Swedish Landlord Balder Boosts Bank Borrowing to Repay Bonds

One of Sweden’s largest landlords plans to buy back some of its junior notes to further reduce debt, a sign that the bond market is still too expensive for some issuers struggling with soaring rates.

(Bloomberg) — One of Sweden’s largest landlords plans to buy back some of its junior notes to further reduce debt, a sign that the bond market is still too expensive for some issuers struggling with soaring rates. 

Fastighets AB Balder aims to buy back as much as €44.4 million ($47.2 million), it said in a statement on Monday. The money used to repay the so-called hybrid bonds will come from bank financing, Chief Financial Officer Ewa Wassberg, said in a interview, outlining more details. 
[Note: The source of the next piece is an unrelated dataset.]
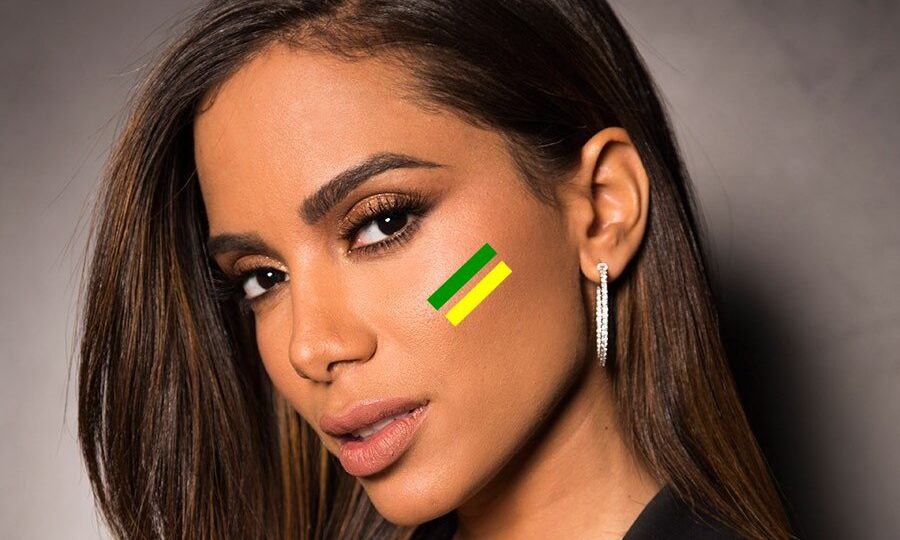 Anitta está entre os maiores do ano em ranking da Billboard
“We’re continuously taking up bank financing and replacing bonds by repaying them before maturity” she said by phone. The firm “has been clear that we will continue to shift from bonds to bank.” 

The property firm, which like many of its sector colleagues has been racing to shore up finances amid a interest rate-driven funding squeeze, cut bond financing by about 10 billion kronor ($900 million) in the second quarter through buy-backs. Chief Executive Officer Erik Selin said in July that his firm has adapted to not needing any bond funding for “many years.” 
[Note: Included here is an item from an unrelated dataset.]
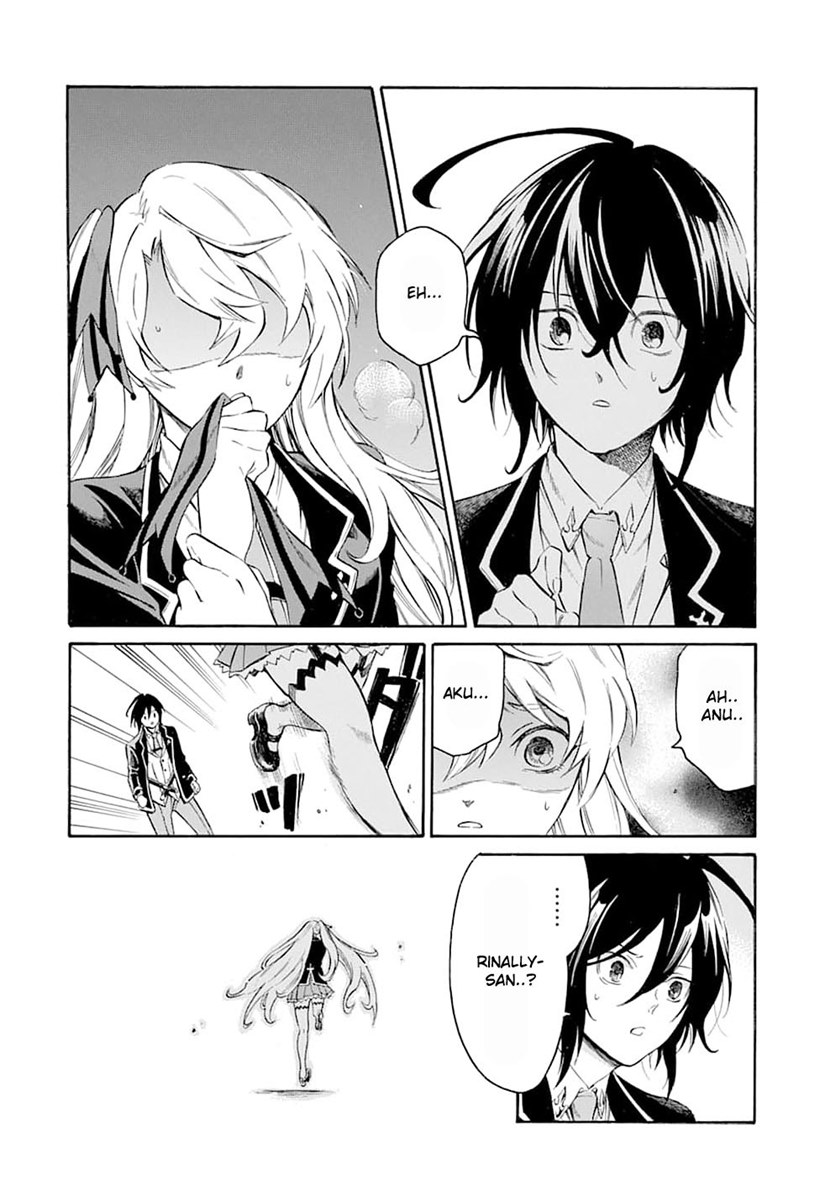Toki Tsukai Majutsushi no Tensei Musou Chapter 5 - halaman 32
Some property firms has wowed to sell assets to shore up their finances. But while Balder is open to that possibility, it hasn’t made any larger disposals yet, Wassberg said. “Our plan is to fund ourselves via banks, if we’re selling any properties it’s just a bonus,” she said. 

Balder was downgraded to junk status by Moody’s Investor Service in February, which later choose to withdraw its unsolicited rating due to too little information about the firm. It has a BBB rating with negative outlook from S&P Global Ratings. 

“It’s obviously important to have diversified sources of financing, but I can’t say now what we aim to do in the future,” Wassberg replied when asked if the firm would consider to issue new hybrid debt.